Health departments in many states in the U.S. are now investigating a steep surge in the mortality rates of people between the ages of 18 and 49 that began in 2021, most of which are said to be not COVID-related. Deaths in the age group of 18 to 49 have increased by over 40% in the 12 months ending October 2021 compared to the same period beginning 2018 and ending 2019.
The analysis was made by The Epoch Times based on death certificate data from the Centers for Disease Control and Prevention (CDC). The agency does not have the complete figures for 2021 just yet, as death certificate data often has a delay of up to eight or more weeks.
The analysis found that the increase in mortality among people aged 18 to 49 varied depending on the state, with the most observable increase happening among the young and middle aged citizens of the South, Midwest, and the West Coast. States in the northeastern part of the U.S. saw smaller increases. Now, public health authorities in several states are investigating some of the largest increases in death rates among this age group.
The state with the second highest mortality among people aged 18 to 49 was Texas, with 61%. Of this number, 58% was because of COVID. Chris Van Deusen, the head of Media Relations at the Texas Department of State Health Services said that "Our Center of Health Statistics is looking at the data. We'll get back with you."
Meanwhile, Florida saw an increase of 51%, of which 48% was due to COVID. Health authorities in the state are also investigating the spike in mortality among people aged 18 to 49. Jeremy Redfern, spokesman for the Florida Department of Health said via email, "I am looking into it to see if there is some sort of correlation/causation."

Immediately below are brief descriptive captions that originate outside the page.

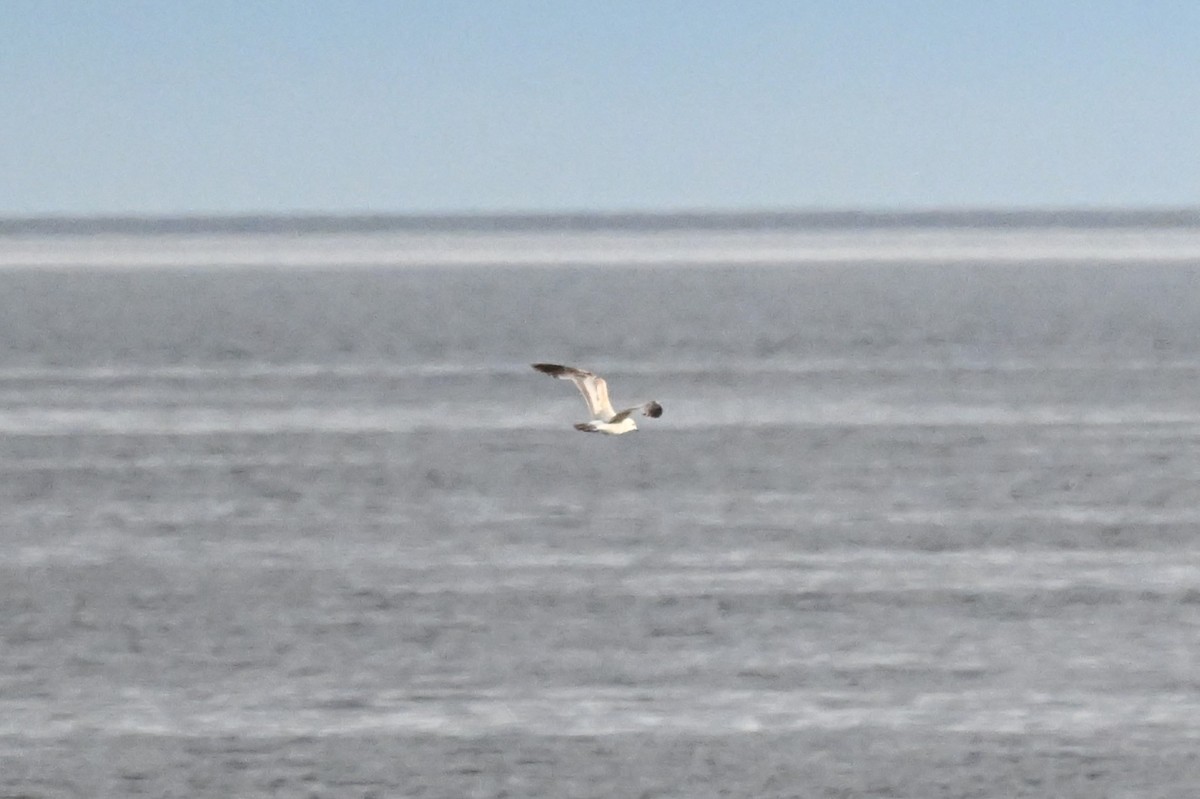 Short-billed Gull - ML620592433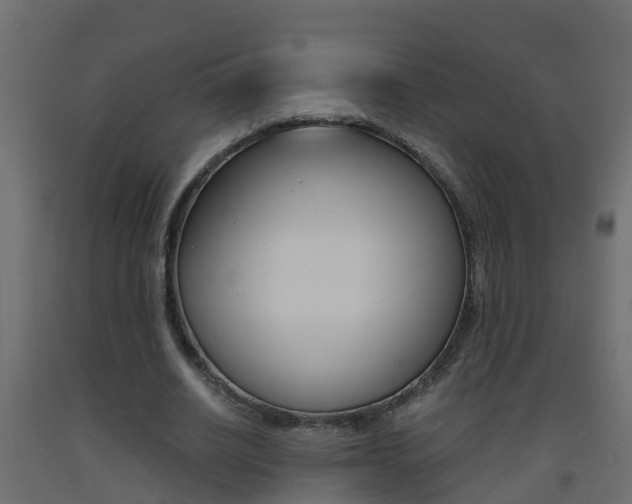 X0000093570630200710151017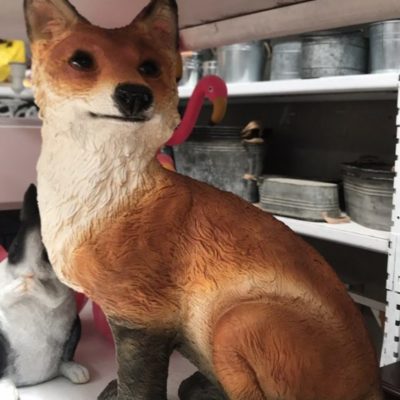 Fox
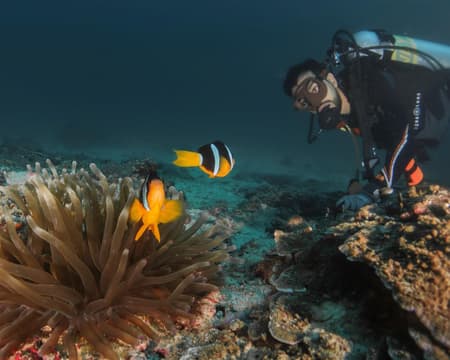 Dive Trip To Daymaniyat Islands | Explore underwater wonderland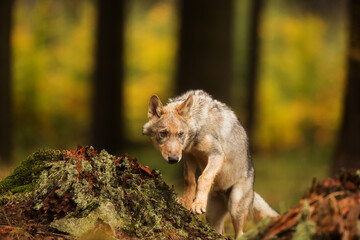 young male Eurasian wolf (Canis lupus lupus) very cautiously approaching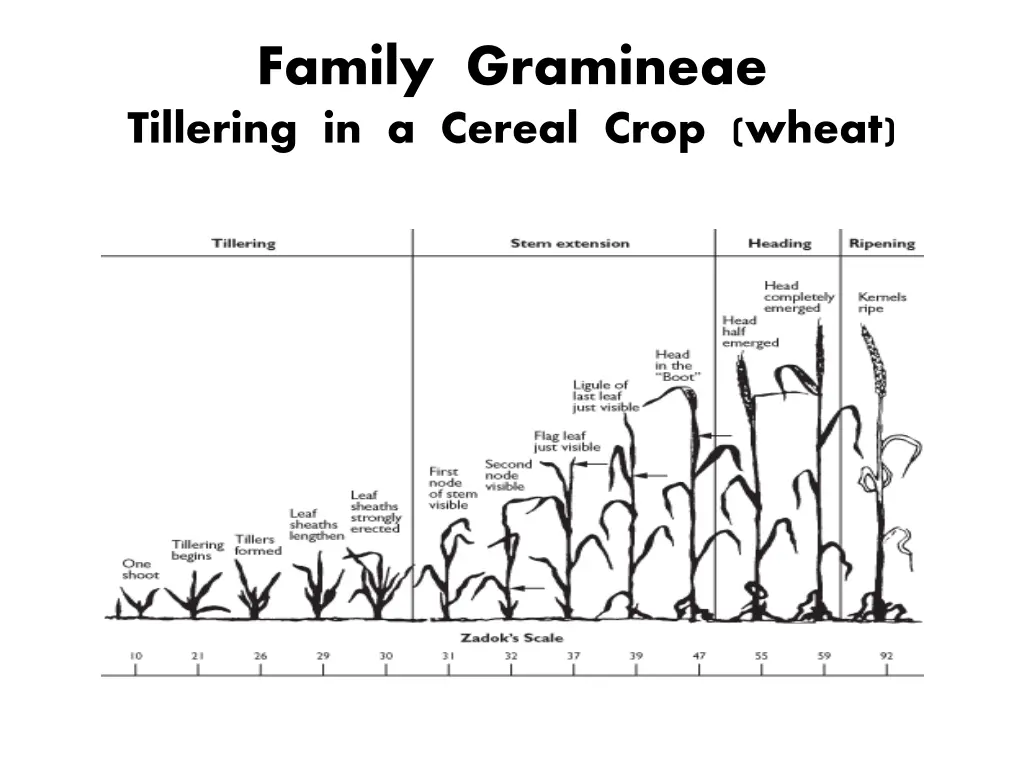 family gramineae tillering in a cereal crop wheat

Among all the states, the analysis showed the highest increase in mortality in Nevada with 65%, with only 35% of which was attributed to COVID. Nevada Department of Health and Human Services public information officer Shannon Litz said through email that she passed on questions about the mortality spike to the agency's Office of Analytics "for review."
The District of Columbia showed an increase in mortality with 72%, but none of it was related to COVID. According to the district's Office of Chief Medical Examiner (OCME), the agency "does not currently have an epidemiologist (the position is being advertised) so it has no present ability to analyze the data."
Arizona's mortality rate spike by 57%, with 37% being attributed to COVID. Other states that recorded high spikes of mortality among those aged 18 to 49 include Tennessee with a 57% increase, of which 33% was due to COVID, and California with a 55% with 42% due to COVID. New Mexico saw a 52% increase, of which 33% was attributed to COVID, while Louisiana saw a 51% increase, with 32% being due to COVID.
Interestingly, states in the northeast such as New Hampshire saw no increase, while Massachusetts showed only a 13% increase in mortality, with 24% of it due to COVID. New York, which is one of the worst-hit by the coronavirus in the last two years, saw a 29% increase, with 30% of it being due to COVID.
The analysis comes after J. Scott Davison, CEO of insurance company OneAmerica, recently revealed during a health care conference that the group life insurance has seen up to 942,431 excess deaths in the U.S. since February 1, 2020, The Hill reported.
"Death rates are up 40 percent over what they were pre-pandemic," Davison said of the company's group life policy holders, which fall in the age group of 18 to 64 years old. "It may not all be COVID on their death certificates, but deaths are up in just huge, huge numbers."